# HOW TO COMPLETE THIS TASK
Report how many lines in the following entries contain "Product". Nothing else should be given.

TASK INPUTS START

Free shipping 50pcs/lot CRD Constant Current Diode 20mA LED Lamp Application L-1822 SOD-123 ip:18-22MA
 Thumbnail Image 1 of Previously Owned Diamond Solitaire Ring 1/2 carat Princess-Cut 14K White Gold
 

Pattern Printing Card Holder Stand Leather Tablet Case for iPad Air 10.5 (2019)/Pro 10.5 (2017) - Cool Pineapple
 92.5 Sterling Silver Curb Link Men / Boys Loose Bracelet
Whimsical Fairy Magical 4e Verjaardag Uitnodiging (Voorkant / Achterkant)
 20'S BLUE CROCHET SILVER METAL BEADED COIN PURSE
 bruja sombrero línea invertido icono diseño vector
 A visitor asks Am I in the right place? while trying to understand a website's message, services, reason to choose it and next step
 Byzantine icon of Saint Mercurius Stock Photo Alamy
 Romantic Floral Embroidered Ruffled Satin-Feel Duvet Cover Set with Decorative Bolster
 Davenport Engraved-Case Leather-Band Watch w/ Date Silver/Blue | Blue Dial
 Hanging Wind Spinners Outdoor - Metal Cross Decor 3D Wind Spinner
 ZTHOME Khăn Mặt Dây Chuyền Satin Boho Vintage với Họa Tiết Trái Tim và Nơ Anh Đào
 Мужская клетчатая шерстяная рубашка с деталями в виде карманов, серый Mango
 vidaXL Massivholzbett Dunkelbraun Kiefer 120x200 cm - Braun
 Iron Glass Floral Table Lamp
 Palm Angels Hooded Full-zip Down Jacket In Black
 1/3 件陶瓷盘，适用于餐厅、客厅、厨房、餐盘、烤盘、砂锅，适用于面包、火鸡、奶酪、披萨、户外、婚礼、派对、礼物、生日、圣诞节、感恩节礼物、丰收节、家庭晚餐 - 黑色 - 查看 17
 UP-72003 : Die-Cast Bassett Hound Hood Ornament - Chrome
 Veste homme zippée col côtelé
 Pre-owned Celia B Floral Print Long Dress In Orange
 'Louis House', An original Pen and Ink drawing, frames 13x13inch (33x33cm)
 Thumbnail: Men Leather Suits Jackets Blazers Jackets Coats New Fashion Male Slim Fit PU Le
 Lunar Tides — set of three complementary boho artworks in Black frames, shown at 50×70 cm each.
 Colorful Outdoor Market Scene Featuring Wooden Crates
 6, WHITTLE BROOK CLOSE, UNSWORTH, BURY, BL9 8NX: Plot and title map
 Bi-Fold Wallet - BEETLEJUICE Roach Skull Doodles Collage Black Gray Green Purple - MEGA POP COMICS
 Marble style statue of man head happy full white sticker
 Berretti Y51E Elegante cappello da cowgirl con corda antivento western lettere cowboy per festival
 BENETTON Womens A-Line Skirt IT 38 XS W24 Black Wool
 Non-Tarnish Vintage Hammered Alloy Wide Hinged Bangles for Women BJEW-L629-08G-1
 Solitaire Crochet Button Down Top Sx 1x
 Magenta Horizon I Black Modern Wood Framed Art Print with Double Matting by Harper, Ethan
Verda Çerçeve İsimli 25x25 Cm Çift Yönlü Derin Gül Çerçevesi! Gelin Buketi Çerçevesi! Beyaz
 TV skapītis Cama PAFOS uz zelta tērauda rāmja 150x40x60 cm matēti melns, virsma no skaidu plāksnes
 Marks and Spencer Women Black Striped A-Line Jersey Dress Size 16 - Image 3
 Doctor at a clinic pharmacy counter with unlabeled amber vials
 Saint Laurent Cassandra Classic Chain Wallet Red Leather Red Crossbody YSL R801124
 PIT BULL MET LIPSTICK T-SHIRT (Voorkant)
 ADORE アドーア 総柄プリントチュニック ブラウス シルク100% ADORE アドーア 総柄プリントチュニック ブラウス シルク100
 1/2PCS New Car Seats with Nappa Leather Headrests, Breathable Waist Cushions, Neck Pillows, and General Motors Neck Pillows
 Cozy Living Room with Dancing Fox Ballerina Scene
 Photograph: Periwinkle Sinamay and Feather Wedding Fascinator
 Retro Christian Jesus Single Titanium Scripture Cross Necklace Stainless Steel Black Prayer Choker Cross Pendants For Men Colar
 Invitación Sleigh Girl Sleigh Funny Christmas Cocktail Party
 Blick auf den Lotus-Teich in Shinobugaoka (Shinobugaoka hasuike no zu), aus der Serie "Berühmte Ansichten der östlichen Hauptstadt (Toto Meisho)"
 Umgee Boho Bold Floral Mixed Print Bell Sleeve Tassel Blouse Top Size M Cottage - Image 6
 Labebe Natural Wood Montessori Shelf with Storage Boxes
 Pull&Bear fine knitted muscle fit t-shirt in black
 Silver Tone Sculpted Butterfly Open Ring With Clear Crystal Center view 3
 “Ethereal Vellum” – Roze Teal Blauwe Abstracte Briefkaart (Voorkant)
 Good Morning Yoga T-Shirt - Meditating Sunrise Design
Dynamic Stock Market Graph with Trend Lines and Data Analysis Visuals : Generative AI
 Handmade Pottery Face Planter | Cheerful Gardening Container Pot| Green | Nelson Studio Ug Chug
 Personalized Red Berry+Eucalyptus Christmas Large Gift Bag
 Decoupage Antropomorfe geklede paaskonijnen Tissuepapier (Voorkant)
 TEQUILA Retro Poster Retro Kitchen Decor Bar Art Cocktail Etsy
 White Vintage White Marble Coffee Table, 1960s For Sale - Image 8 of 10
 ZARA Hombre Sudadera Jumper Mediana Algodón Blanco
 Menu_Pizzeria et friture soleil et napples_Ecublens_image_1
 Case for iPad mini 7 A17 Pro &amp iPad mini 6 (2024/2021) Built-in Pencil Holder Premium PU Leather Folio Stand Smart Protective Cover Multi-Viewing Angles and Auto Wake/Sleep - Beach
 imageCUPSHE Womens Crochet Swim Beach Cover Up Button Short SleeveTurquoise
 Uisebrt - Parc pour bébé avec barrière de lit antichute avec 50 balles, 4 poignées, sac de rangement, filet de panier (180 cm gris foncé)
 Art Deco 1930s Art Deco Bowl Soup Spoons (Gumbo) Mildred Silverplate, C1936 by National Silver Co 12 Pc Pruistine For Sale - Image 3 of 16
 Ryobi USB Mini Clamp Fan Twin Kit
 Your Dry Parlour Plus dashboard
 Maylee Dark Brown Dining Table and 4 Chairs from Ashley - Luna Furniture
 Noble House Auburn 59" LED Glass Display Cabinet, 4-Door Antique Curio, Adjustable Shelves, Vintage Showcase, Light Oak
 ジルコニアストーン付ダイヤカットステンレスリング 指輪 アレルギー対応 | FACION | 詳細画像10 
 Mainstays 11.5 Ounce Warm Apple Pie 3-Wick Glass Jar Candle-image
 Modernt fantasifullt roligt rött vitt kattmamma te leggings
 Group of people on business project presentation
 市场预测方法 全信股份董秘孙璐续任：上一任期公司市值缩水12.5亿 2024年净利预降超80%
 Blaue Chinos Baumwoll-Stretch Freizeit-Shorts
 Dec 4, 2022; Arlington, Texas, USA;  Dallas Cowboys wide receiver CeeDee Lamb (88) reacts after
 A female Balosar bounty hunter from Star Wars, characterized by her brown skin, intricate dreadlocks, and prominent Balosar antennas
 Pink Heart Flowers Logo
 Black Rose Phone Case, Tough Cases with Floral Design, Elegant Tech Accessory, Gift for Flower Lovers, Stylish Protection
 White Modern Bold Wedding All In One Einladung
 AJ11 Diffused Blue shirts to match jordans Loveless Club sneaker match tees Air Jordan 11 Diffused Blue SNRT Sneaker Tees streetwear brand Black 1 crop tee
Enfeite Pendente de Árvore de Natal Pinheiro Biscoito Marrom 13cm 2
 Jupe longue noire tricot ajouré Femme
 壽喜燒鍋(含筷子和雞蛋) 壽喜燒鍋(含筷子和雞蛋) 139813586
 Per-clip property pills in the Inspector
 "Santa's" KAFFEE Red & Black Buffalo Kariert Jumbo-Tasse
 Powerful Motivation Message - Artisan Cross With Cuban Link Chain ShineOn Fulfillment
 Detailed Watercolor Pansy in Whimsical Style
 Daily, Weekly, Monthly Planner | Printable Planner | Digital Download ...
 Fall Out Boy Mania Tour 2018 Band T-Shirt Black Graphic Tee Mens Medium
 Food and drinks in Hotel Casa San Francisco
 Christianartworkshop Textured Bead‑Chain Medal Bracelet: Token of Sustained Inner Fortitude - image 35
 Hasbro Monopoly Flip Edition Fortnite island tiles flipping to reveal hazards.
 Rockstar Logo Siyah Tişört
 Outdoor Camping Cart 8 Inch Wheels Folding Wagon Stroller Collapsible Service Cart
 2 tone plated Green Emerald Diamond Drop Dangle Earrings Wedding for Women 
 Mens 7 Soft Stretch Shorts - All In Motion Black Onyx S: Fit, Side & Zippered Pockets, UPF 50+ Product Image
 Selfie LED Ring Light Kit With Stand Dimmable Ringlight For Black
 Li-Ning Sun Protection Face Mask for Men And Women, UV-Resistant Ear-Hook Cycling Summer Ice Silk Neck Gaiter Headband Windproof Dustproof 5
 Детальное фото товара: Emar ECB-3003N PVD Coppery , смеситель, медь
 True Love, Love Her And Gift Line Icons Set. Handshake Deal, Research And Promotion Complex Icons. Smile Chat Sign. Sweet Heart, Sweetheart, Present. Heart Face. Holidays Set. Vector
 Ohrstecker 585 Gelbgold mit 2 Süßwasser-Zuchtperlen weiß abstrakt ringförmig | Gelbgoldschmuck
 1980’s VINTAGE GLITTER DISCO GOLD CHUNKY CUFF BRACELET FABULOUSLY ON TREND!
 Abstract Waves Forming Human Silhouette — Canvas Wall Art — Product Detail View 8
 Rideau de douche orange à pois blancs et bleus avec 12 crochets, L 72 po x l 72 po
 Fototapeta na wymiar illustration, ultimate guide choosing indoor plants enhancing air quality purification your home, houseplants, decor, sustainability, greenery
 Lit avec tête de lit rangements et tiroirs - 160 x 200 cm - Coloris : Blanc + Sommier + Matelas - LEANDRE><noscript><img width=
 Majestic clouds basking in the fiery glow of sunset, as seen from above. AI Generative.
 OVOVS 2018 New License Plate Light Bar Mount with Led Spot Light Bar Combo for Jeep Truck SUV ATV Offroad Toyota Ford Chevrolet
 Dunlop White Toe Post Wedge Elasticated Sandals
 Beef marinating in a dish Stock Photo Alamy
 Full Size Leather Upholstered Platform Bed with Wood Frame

TASK INPUTS END

# EXERCISE RESPONSE
2